Information supplied
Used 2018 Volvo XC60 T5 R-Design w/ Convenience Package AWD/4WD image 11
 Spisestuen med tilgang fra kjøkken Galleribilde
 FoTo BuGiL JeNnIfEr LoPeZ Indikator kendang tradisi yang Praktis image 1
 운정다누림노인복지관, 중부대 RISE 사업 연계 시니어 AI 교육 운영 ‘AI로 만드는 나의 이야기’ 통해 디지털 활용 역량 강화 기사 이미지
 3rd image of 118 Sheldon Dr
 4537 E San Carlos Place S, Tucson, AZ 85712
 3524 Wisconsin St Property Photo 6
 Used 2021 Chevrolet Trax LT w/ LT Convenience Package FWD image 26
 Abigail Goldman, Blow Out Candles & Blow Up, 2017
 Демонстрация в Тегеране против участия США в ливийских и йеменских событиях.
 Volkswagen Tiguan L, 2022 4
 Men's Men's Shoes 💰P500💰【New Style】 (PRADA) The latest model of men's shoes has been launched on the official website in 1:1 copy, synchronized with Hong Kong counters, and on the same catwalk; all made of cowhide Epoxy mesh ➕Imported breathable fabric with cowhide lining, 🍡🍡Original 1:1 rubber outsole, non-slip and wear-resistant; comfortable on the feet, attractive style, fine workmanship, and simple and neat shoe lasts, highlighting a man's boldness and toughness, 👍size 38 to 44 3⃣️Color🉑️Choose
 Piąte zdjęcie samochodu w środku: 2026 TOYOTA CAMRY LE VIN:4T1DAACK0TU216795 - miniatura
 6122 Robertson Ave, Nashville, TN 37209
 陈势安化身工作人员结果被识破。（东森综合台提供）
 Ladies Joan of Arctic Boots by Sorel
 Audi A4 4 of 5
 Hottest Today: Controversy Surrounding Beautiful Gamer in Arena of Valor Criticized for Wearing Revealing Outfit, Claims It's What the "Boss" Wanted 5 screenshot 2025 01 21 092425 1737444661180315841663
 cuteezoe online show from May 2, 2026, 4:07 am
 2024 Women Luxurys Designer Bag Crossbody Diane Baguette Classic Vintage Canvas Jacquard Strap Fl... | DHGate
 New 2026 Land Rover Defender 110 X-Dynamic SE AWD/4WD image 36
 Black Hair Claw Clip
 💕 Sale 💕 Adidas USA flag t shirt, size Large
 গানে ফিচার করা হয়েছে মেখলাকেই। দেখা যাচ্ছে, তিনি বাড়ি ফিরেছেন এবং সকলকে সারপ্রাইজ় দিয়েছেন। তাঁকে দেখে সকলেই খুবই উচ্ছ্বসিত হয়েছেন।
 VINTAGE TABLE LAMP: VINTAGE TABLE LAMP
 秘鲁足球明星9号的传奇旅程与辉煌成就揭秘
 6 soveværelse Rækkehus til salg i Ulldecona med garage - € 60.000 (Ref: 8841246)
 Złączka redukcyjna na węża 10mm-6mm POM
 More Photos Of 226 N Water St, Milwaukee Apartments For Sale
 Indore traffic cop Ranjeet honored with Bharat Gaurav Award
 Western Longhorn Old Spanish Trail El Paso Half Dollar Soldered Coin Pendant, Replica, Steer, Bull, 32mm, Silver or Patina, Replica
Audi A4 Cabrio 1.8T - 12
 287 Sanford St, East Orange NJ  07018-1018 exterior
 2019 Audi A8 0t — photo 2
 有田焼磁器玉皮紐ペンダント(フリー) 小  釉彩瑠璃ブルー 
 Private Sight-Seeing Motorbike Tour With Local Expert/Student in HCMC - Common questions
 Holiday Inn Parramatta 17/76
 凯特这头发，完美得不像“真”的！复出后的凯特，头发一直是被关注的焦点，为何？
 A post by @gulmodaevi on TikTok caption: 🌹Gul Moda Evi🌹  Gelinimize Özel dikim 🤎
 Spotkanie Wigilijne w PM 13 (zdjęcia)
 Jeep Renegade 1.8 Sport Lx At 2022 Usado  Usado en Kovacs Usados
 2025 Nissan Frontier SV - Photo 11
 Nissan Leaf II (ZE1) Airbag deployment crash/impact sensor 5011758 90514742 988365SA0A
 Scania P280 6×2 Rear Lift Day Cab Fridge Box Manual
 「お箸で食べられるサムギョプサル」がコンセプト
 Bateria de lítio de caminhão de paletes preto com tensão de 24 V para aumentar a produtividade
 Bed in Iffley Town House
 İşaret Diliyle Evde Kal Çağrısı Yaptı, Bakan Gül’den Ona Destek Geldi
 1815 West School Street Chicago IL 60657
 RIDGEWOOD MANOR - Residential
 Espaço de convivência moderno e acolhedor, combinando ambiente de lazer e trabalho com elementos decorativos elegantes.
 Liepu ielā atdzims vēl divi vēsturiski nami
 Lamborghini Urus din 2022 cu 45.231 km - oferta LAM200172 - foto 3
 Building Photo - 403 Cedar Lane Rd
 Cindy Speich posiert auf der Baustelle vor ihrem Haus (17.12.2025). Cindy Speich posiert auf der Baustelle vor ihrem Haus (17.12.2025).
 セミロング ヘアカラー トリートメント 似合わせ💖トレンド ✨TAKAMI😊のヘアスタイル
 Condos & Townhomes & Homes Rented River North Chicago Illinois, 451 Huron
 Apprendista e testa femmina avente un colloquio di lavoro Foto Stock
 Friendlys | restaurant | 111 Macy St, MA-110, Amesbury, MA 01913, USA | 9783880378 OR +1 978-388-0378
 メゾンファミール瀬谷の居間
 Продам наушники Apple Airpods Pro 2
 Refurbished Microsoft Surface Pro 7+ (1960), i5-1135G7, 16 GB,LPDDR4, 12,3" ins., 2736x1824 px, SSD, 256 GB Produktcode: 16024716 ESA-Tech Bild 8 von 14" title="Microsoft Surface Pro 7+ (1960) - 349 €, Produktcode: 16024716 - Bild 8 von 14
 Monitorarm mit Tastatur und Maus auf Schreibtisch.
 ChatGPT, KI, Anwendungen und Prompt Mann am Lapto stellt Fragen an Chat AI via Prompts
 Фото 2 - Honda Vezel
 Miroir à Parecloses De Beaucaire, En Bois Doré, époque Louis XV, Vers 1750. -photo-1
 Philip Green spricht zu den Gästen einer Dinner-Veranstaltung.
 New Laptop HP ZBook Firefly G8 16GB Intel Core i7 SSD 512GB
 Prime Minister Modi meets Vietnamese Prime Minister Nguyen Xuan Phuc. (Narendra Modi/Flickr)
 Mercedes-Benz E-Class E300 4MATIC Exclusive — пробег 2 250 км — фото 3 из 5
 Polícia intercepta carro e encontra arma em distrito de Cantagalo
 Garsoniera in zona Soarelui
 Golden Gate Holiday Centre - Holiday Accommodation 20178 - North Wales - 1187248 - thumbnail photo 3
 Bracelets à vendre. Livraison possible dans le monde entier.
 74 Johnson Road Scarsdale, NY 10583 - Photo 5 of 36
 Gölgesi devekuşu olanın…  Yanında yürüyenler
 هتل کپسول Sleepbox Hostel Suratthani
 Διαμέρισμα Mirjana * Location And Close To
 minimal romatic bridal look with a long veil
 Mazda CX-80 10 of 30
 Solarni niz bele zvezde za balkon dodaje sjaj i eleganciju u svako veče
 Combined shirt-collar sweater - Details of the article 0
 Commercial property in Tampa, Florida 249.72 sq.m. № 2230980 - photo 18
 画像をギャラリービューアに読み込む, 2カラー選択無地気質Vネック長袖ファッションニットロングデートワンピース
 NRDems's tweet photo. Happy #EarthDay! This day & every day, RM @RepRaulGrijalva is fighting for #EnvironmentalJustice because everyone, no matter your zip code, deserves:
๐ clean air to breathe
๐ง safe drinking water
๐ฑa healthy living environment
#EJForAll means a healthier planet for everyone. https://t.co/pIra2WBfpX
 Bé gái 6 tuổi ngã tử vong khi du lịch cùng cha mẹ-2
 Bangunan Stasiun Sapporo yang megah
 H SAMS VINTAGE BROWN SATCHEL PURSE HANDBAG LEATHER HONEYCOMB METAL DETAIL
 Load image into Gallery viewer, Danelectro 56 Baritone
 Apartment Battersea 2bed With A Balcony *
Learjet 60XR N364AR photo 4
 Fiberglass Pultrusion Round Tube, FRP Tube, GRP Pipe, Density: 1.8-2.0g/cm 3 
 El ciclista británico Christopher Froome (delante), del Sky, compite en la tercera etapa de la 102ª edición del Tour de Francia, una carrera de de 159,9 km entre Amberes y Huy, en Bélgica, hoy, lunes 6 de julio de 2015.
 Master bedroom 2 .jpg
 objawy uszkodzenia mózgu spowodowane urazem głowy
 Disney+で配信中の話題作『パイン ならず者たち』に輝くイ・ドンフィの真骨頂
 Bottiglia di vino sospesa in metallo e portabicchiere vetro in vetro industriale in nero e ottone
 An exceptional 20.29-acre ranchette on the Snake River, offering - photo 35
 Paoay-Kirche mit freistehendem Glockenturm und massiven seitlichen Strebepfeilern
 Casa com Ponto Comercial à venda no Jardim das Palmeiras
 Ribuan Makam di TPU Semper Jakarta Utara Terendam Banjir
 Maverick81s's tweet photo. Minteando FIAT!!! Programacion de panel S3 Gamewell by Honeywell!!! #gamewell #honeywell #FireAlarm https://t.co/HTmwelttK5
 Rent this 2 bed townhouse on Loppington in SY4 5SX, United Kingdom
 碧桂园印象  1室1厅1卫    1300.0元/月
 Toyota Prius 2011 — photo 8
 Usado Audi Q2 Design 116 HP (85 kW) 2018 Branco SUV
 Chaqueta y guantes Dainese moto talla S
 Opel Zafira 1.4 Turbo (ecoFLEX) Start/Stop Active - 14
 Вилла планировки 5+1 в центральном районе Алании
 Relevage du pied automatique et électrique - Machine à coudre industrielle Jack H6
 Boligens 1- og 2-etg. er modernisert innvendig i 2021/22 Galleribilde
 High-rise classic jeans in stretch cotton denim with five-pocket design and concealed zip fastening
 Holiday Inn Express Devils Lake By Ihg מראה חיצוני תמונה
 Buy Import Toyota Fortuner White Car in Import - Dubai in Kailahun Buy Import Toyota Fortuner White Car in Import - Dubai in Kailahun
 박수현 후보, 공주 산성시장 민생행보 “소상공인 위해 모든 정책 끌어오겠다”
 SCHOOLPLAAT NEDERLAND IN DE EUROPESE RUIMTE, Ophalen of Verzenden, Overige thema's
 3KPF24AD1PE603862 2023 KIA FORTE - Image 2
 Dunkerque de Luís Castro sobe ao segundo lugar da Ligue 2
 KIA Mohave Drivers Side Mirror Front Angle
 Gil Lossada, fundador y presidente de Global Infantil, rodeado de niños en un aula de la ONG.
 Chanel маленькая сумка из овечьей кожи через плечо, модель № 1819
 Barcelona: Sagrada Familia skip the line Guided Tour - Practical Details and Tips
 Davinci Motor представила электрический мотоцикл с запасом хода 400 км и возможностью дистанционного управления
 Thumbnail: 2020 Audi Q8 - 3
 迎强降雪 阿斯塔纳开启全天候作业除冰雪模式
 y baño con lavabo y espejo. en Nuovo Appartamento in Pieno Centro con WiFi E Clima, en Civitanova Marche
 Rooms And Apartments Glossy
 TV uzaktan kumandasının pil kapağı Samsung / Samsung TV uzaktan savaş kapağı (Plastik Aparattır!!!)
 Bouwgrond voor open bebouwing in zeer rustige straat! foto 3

Goal of the exercise
With the line that has "Fiberglass Pultrusion Round" as the first and the line that has "Bottiglia di vino" as the last, repeat exactly that run of lines above and no more.

Written solution
 Fiberglass Pultrusion Round Tube, FRP Tube, GRP Pipe, Density: 1.8-2.0g/cm 3 
 El ciclista británico Christopher Froome (delante), del Sky, compite en la tercera etapa de la 102ª edición del Tour de Francia, una carrera de de 159,9 km entre Amberes y Huy, en Bélgica, hoy, lunes 6 de julio de 2015.
 Master bedroom 2 .jpg
 objawy uszkodzenia mózgu spowodowane urazem głowy
 Disney+で配信中の話題作『パイン ならず者たち』に輝くイ・ドンフィの真骨頂
 Bottiglia di vino sospesa in metallo e portabicchiere vetro in vetro industriale in nero e ottone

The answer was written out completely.